In the past, many investigators have reported signatures of selection in the human genome. Tong and colleagues  have used an interesting approach to study positive selection in the human genome using the Irish genome and the available sequence data on nine personal genomes from previous studies. Despite the small sample size and varied sequencing methods used in previous studies, this attempt can be considered as an initial step toward developing an 'official' whole-genome population genetics study. Thus, this study may give a taste of future insights into population genetics research and of some of the challenges specific to whole human genome data. This study has shown evidence for balancing selection at the sites related to olfactory and taste receptors, mostly confirming the previous results from genome-wide SNP studies. Also, their analysis of ten genomes reveals elevated positive selection in fairly recently duplicated genes. Taken together , these results clearly show that whole-genome analysis can shed new light on the field of human evolutionary genetics.

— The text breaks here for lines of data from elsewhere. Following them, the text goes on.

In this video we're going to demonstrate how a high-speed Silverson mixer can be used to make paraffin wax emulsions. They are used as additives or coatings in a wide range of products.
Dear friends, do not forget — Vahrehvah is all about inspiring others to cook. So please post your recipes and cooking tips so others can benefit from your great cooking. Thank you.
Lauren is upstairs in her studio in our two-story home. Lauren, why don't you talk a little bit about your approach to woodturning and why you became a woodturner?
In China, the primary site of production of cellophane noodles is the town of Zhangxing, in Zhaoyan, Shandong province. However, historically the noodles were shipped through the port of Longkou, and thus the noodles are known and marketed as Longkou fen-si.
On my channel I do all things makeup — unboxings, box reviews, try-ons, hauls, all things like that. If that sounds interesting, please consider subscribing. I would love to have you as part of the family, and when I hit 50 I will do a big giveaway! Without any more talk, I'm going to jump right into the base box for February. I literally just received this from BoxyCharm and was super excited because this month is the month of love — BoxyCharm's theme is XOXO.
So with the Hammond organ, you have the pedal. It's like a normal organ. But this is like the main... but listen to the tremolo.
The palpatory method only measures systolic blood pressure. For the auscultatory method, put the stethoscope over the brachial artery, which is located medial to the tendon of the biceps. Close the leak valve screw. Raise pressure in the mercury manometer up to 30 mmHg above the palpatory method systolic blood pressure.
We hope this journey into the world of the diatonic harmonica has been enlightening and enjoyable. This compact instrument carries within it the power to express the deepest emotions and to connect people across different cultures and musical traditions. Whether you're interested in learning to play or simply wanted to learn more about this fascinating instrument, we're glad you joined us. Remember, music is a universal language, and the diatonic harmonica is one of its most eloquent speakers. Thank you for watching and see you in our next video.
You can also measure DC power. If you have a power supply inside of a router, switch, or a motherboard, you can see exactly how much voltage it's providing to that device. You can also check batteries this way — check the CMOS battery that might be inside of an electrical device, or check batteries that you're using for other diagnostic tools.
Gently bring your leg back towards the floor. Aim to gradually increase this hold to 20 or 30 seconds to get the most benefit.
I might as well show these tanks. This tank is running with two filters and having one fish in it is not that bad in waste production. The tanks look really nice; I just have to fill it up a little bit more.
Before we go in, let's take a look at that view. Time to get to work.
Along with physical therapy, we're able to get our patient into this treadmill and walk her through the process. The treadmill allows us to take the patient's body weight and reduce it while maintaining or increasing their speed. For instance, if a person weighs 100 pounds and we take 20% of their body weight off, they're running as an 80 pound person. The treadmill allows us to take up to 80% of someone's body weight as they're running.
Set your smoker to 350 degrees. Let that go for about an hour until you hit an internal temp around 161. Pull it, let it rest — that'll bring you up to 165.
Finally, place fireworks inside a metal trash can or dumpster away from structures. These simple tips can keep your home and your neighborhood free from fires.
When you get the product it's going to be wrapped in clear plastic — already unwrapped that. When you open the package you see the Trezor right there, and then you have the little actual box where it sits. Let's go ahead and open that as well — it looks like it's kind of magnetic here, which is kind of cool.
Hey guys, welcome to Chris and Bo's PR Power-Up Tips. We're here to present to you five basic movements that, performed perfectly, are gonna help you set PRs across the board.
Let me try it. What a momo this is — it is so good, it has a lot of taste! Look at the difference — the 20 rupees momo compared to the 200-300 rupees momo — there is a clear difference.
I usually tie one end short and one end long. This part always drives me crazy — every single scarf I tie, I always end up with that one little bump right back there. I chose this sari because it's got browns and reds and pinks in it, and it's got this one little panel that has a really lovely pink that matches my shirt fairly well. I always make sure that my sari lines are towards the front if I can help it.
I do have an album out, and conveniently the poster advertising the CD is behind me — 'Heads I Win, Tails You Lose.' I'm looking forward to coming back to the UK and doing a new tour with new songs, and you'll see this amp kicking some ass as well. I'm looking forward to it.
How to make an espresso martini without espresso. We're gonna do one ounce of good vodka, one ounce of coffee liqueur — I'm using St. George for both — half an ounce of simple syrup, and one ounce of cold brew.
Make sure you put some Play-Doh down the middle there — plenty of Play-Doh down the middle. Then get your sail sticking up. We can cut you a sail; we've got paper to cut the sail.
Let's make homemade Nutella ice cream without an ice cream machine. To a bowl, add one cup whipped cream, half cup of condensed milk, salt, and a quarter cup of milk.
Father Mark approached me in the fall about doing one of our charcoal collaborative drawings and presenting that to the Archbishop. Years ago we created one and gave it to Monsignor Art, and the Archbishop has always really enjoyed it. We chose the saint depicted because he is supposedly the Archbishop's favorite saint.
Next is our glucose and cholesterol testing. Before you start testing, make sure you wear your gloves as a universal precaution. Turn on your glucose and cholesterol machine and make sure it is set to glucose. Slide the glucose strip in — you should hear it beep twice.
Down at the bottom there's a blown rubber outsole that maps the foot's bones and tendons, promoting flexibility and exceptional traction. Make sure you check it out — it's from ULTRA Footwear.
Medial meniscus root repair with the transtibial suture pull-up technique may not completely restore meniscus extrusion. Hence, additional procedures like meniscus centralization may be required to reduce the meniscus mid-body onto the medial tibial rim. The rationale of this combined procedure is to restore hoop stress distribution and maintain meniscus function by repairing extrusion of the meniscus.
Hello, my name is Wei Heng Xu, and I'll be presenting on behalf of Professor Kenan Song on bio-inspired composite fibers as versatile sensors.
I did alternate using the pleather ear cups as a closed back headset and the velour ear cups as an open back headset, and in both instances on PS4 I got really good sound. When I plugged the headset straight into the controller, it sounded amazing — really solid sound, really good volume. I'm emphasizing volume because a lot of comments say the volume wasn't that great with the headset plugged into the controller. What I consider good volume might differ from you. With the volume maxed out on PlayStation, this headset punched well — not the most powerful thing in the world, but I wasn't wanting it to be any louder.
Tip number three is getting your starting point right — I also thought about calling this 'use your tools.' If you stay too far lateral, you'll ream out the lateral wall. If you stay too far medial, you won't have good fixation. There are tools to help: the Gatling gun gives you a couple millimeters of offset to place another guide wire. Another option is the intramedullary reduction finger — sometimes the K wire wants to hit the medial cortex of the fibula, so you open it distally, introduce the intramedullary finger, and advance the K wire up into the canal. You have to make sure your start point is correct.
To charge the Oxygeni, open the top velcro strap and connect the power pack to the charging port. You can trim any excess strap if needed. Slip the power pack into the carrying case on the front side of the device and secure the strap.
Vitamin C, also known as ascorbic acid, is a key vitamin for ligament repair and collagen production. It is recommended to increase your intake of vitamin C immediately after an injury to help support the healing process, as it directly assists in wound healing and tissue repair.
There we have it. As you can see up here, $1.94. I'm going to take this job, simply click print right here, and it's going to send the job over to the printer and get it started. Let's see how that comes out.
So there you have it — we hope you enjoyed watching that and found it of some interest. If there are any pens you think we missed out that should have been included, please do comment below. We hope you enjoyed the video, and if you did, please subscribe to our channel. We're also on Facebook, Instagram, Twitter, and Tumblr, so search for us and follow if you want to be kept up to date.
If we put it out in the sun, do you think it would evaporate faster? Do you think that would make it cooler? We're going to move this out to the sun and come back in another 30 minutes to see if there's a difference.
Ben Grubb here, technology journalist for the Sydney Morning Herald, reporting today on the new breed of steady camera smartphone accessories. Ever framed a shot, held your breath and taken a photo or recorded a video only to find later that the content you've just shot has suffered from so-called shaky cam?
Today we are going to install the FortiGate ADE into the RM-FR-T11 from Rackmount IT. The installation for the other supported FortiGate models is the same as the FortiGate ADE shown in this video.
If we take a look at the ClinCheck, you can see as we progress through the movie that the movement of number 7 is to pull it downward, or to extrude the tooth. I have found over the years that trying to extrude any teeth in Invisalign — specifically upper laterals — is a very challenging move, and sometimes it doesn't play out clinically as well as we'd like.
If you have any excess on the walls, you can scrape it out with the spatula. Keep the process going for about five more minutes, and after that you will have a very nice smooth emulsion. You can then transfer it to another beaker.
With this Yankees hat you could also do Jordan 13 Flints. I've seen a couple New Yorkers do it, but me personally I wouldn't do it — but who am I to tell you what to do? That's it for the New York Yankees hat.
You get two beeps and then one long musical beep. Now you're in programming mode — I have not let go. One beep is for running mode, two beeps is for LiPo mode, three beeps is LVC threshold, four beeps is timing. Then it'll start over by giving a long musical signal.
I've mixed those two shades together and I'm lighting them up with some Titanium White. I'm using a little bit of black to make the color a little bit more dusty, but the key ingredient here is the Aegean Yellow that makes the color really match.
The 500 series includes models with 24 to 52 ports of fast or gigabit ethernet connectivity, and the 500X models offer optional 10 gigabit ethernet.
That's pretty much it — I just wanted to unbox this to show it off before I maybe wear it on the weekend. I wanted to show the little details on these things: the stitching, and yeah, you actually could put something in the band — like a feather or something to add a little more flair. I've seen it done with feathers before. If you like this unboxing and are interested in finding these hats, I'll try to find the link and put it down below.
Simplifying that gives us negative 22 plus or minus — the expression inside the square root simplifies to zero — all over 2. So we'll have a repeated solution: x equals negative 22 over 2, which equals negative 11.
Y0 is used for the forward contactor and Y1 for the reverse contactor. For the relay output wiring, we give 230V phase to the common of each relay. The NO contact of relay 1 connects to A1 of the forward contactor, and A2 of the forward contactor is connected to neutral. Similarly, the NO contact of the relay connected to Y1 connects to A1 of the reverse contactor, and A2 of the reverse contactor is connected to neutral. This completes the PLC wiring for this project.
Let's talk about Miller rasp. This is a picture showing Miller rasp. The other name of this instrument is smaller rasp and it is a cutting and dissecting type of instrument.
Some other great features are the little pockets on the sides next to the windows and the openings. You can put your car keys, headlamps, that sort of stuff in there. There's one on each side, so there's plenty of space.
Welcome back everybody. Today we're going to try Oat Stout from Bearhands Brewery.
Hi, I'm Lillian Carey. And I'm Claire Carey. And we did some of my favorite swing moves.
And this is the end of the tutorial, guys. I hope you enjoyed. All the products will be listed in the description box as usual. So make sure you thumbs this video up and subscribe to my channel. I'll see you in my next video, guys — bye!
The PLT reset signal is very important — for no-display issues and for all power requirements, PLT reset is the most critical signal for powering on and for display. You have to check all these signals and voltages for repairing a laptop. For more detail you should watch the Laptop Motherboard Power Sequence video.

Some population statistics based on haplotype patterns would benefit from complete sequence data, since relatively accurate haplotype phase can be inferred. Recently, Higasa and colleagues  showed that errors of population-based haplotype inference affected the results of some statistics for positive selection more than others. Currently available haplotype inference software may have limitations depending on the data size and availability of external information. Development of accurate haplotyping and haplotype inference methods suitable for genome sequence data will be a key to successful population genetics study using haplotype information.
Ten years have passed since the first drafts of human genome sequences were published, and we now have at least 15 individual whole-genome sequences, thanks to the dramatic progress in sequencing technology. However, there remain many unsolved questions on human genome diversity. To expand our understanding, we need more personal genome data from worldwide populations. With limited resources, quality (accuracy) and quantity (number of individuals) are always difficult to balance. The study by Tong and colleagues  is the first attempt to tackle this question. This approach is the first of its kind and will likely be improved on in the near future as other researchers see the potential of such an approach, however, this method and the findings, will help to open new prospect in the field of human genome research.
We thank DR Govindaraju for his valuable advice.